Hi also would this diode work for D5? Having trouble finding one on Small Bear
*Diode Zener 1N4743A 13V 1W 5%*


----------



## frankenteletron (Dec 20, 2019)

Or would a 1N4148 work as well?


----------



## Robert (Dec 20, 2019)

The only purpose of D5 is to prevent damage to the charge pump by applying over-voltage.

It's not critical to operation, but 1N4743A would be fine for powering from a 9V supply.


----------



## frankenteletron (Dec 20, 2019)

Thanks much! Looking forward to checking this pedal out. I've not played a Hudson Broadcast in person but I love some of the demos I've seen.


----------



## Nostradoomus (Dec 20, 2019)

I just ordered another board. Ordered the transformer and PCB for it a long time ago, reorganized my workstation and lost the original PCB ?


----------



## BurntFingers (Dec 20, 2019)

Don't order a momentary switch.


----------



## frankenteletron (Dec 26, 2019)

Nostradoomus said:


> Yeah, SPDT on/off/on


I haven't finished my Simulcast build yet but I'm curious about the on/OFF/on toggle choice. What does the OFF position do if the other 2 positions are low and high gain?


----------



## Robert (Dec 26, 2019)

frankenteletron said:


> I haven't finished my Simulcast build yet but I'm curious about the on/OFF/on toggle choice.
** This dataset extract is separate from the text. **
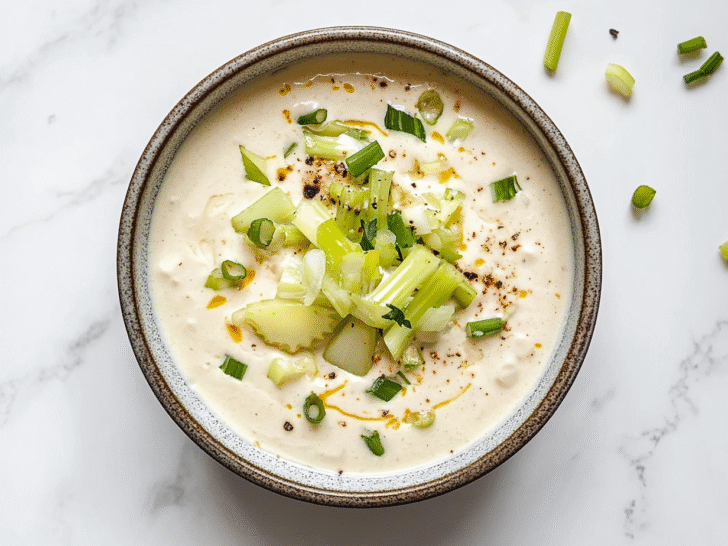 Remoulade Sauce Recipe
What does the OFF position do if the other 2 positions are low and high gain?



The three position gain switch comes from the 24V version.  
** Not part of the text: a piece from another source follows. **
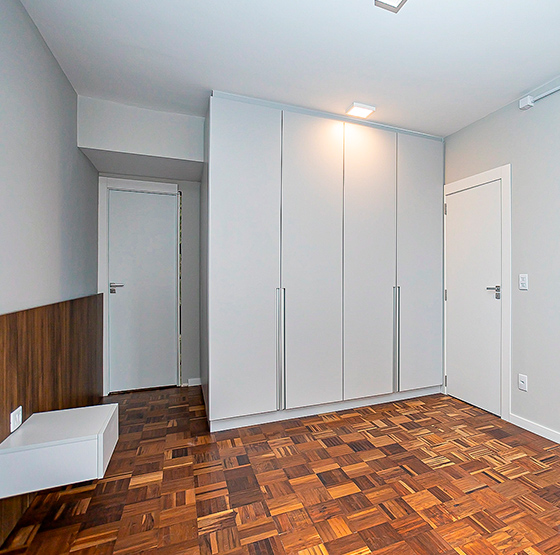 Quarto casal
From the Hudson Broadcast page:


> The BC-24V-USA also features a three position gain switch offering MID-LOW-HIGH modes. In LOW mode, the pedal has most headroom and stays nearly clean across its range, whilst retaining colouration from its germanium circuit and transformer – perfect if you use higher output pickups, baritone, bass or keyboards . The MID mode is voiced to sound and behave as the regular Broadcast – still pretty clean but adding more grit and saturation to the mix. In HIGH mode, as with the regular Broadcast, the BC-24V-USA heads into overdrive, distortion and fuzz but with a slightly tighter low end.


----------



## ntuncer (Dec 7, 2021)

Robert said:


> The three position gain switch comes from the 24V version.
> 
> From the Hudson Broadcast page:


That means Simulcast is based on 24Vdc version? 9vdc will be converted to 24vdc (charge pump) which we shouldn't run the pedal more than 9vdc?

Cheers


----------